Second, this alien was first granted the special privilege of a special preliminary examination by the United States consul. It was found that she was not entitled to admission. The State Department appears to have properly and firmly enforced the law in her case in the face of powerful political pressure. Thereafter, an effort was made to procure her admission by an appeal to the courts, which, from the court of first instance to the Supreme Court of the United States, denied the extraordinary privilege she sought and upheld the officials in their proper enforcement of the law.

The statement of the State Department made to members of the House committee is as follows:

JANUARY 20, 1930.

Replying to your letter of January 11, 1930, I may give the following information concerning the case of Anna Minna Venzke Ulrich:

From the records of the department it appears that John Munsill Ulrich prior to his marriage to Anna Venzke endeavored to ascertain whether she would be able to obtain a visa after the marriage had taken place. In view of the unusual circumstances in the case, the consul general at Berlin permitted Miss Venzke to be given an informal advance examination with a view to determining whether it was likely that she would be able to establish her admissibility under the immigration laws.

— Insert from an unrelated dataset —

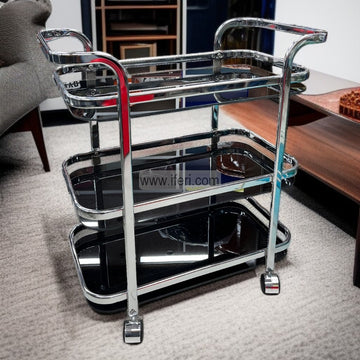 3 Tier Exclusive Tea & Food Serving Moving Trolley WZ018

Following the examination Mr. Ulrich was informed that in all probability Miss Venzke would be unable to obtain an immigration visa in the event that she were later to apply for one.

Although Mr. Ulrich was warned in advance regarding the difficulty to be anticipated in bringing his wife to this country, he apparently did not alter his plans on this account and on December 17, 1927, his marriage to Miss Venzke took place.

After the marriage Mrs. Ulrich applied for a nonquota immigration visa which was refused upon the ground that the record in her case showed that she had been convicted in four instances of offenses involving moral turpitude, to wit, larceny in three cases and abetting a forgery in another case and was accordingly inadmissible to the United States under the provisions of section 3 of the act of February 5, 1917, which excludes from the United States "aliens who have been convicted of or admit having committed a felony or other crime or misdemeanor involving moral turpitude.' In this connection it may be stated that section 2 (f) of the immigration act of 1924 requires a consular officer to refuse an immigration visa to an alien who he knows or has reason to believe is inadmissible to the United States under the immigration laws.

Subsequently, Mr. Ulrich brought mandamus proceedings to compel the issuance of a visa to Mrs. Ulrich. The Court of Appeals of the District of Columbia in United States ex rel. Ulrich v. Kellogg et al. (30 F. (2d) 984) determined that Mrs. Ulrich remained an "alien" notwithstanding her marriage to a citizen of the United States and affirmed the decree of the Supreme Court of the District of Columbia overruling the application of Mr. Ulrich for a writ of mandamus. Chief Justice Martin, in rendering the opinion of the court, cited the case of Bartos v. United States District Court for District of Nebraska et al. (F. (2d) 722), in which it was held that Theft, whether it be grand or petit larceny, involves moral turpitude It may be of interest to note that the Supreme Court of the United States in United States ex. rel. Ulrich v. Stimson (279 U. S. 868) denied the petition of Mr. Ulrich for a writ of certiorari to the Court of Appeals of the District of Columbia.

If the information given above does not serve the purposes which you have in mind, the department will be glad to furnish any further particulars you may desire regarding the case.

Sincerely yours,

J. P. COTTON, Acting Secretary.

After the consul, the State Department, and all of the courts to which her powerful friends could appeal have applied the law to her case, it is now proposed that Congress shall over-ride the actions of all these and admit her. There is no justification for such action. The bill should not pass. JOHN C. Box.